Addressing between addressable elements/components may be packet-based, message-switched (e.g., a store-and-forward network without packets), circuit-switched (e.g., using matrix switches to establish a direct communications channel/circuit between communicating elements/components), direct (i.e., end-to-end communications without switching), or a combination thereof. In comparison, to message-switched, circuit-switched, and direct addressing, a packet-based conveys a destination address in a packet header and a data payload in a packet body via the data line(s).
As an example of an architecture using more than one bus type and more than one protocol, inter-cluster communications may be packet-based via serial busses, whereas intra-cluster communications may be message-switched or circuit-switched using parallel busses between the intra-cluster router (L4) 160, the processing elements 170a to 170h within the cluster, and other intra-cluster components (e.g., cluster memory 162). In addition, within a cluster, processing elements 170a to 170h may be interconnected to shared resources within the cluster (e.g., cluster memory 162) via a shared bus or multiple processing-element-specific and/or shared-resource-specific busses using direct addressing (not illustrated).
The source of a packet is not limited only to a processor core 290 manipulating the operand registers 284 associated with another processor core 290, but may be any operational element, such as a memory controller 114, a data feeder 164 (discussed further below), an external host processor connected to the chip 100, a field programmable gate array, or any other element communicably connected to a processor chip 100 that is able to communicate in the packet format.
A data feeder 164 may execute programmed instructions which control where and when data is pushed to the individual processing elements 170. The data feeder 164 may also be used to push executable instructions to the program memory 274 of a processing element 170 for execution by that processing element's instruction pipeline.
In addition to any operational element being able to write directly to an operand register 284 of a processing element 170, each operational element may also read directly from an operand register 284 of a processing element 170, such as by sending a read transaction packet indicating the global address of the target register to be read, and the global address of the destination address to which the reply including the target register's contents is to be copied.
A data transaction interface 272 associated with each processing element may execute such read, write, and reply operations without necessitating action by the processor core 290 associated with an accessed register. Thus, if the destination address for a read transaction is an operand register 284 of the processing element 170 initiating the transaction, the reply may be placed in the destination register without further action by the processor core 290 initiating the read request. Three-way read transactions may also be undertaken, with a first processing element 170x initiating a read transaction of a register located in a second processing element 170y, with the destination address for the reply being a register located in a third processing element 170z.

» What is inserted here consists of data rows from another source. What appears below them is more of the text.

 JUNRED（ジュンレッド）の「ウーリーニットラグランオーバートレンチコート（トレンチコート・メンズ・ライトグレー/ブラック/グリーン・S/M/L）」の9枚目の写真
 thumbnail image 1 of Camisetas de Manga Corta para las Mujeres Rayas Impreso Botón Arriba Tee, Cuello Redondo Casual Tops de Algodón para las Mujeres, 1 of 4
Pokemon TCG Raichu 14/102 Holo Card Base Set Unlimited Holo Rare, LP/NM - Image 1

Memory within a system including the processor chip 100 may also be hierarchical. Each processing element 170 may have a local program memory 274 containing instructions that will be fetched by the micro-sequencer 291 in accordance with a program counter 293. Processing elements 170 within a cluster 150 may also share a cluster memory 162, such as a shared memory serving a cluster 150 including eight processor cores 290. While a processor core 290 may experience no latency (or a latency of one-or-two cycles of the clock controlling timing of the instruction pipeline 292) when accessing its own execution registers 280, accessing global addresses external to a processing element 170 may experience a larger latency due to (among other things) the physical distance between processing elements 170. As a result of this additional latency, the time needed for a processor core to access an external main memory, a shared cluster memory 162, and the registers of other processing elements may be greater than the time needed for a core 290 to access its own program memory 274 and execution registers 280.

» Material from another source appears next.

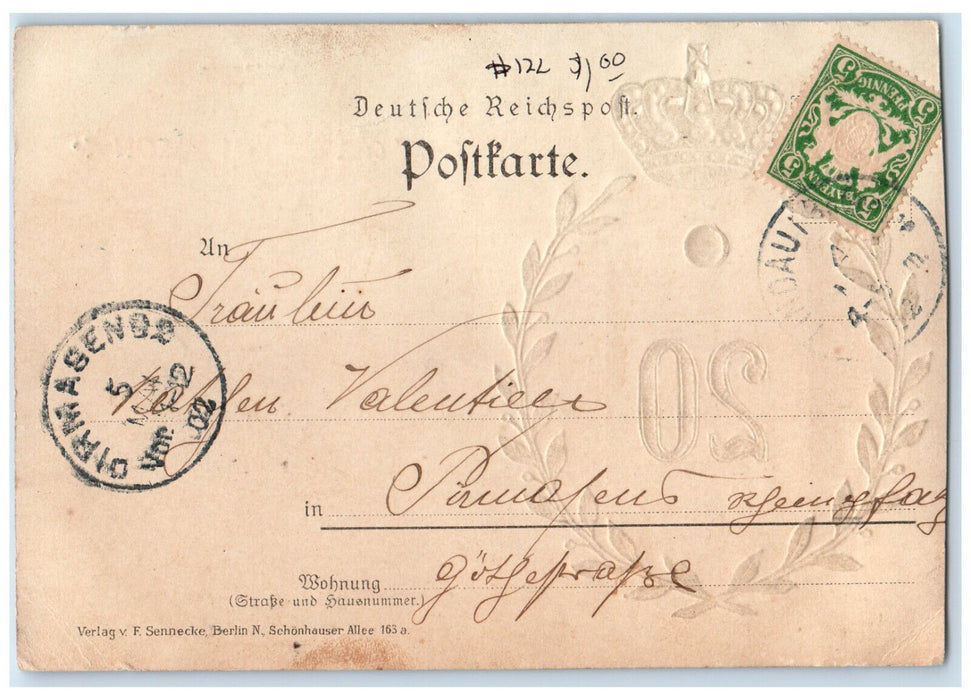 1902 Greetings From The Garnison Germany Logo Posted Antique Embossed Postcard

Data transactions external to a processing element 170 may be implemented with a packet-based protocol carried over a router-based or switch-based on-chip network. The chip 100 in
The superclusters 130a-130d may be interconnected via an inter-supercluster router (L2) 120 which routes transactions between superclusters and between a supercluster and the chip-level router (L1) 110. Each supercluster 130 may include an inter-cluster router (L3) 140 which routes transactions between each cluster 150 in the supercluster 130, and between a cluster 150 and the inter-supercluster router (L2). Each cluster 150 may include an intra-cluster router (L4) 160 which routes transactions between each processing element 170 in the cluster 150, and between a processing element 170 and the inter-cluster router (L3). The level 4 (L4) intra-cluster router 160 may also direct packets between processing elements 170 of the cluster and a cluster memory 162. Tiers may also include cross-connects (not illustrated) to route packets between elements in a same tier in the hierarchy. A processor core 290 may directly access its own operand registers 284 without use of a global address.

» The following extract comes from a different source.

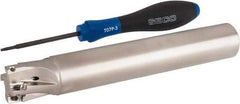 Seco - 1" Cut Diam, 0.354" Max Depth of Cut, 1" Shank Diam, 6.693" OAL, Indexable Square Shoulder End Mill - XO.X 10T3.. Inserts, Cylindrical Shank, 90° Lead Angle, Through Coolant, Series Turbo 10 - Benchmark Tooling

Memory of different tiers may be physically different types of memory. Operand registers 284 may be a faster type of memory in a computing system, whereas as external general-purpose memory typically may have a higher latency. To improve the speed with which transactions are performed, operand instructions may be pre-fetched from slower memory and stored in a faster program memory (e.g., program memory 274 in
Referring to
The program counter 293 may present the address of the next instruction in the program memory 274 to enter the instruction execution pipeline 292 for execution, with the instruction fetched 320 by the micro-sequencer 291 in accordance with the presented address. The microsequencer 291 utilizes the instruction registers 282 for instructions being processed by the instruction execution pipeline 292. After the instruction is read on the next clock cycle of the clock, the program counter may be incremented (322). A decode stage of the instruction execution pipeline 292 may decode (330) the next instruction to be executed, and instruction registers 282 may be used to store the decoded instructions. The same logic that implements the decode stage may also present the address(es) of the operand registers 284 of any source operands to be fetched to an operand fetch stage.
An operand instruction may require zero, one, or more source operands. The source operands may be fetched (340) from the operand registers 284 by the operand fetch stage of the instruction execution pipeline 292 and presented to an arithmetic logic unit (ALU) 294 of the processor core 290 on the next clock cycle. The arithmetic logic unit (ALU) may be configured to execute arithmetic and logic operations using the source operands. The processor core 290 may also include additional component for execution of operations, such as a floating point unit (FPU) 296. Complex arithmetic operations may also be sent to and performed by a component or components shared among processing elements 170a-170h of a cluster via a dedicated high-speed bus, such as a shared component for executing floating-point divides (not illustrated).
An instruction execution stage of the instruction execution pipeline 292 may cause the ALU 294 (and/or the FPU 296, etc.) to execute (350) the decoded instruction. Execution by the ALU 294 may require a single cycle of the clock, with extended instructions requiring two or more cycles. Instructions may be dispatched to the FPU 296 and/or shared component(s) for complex arithmetic operations in a single clock cycle, although several cycles may be required for execution.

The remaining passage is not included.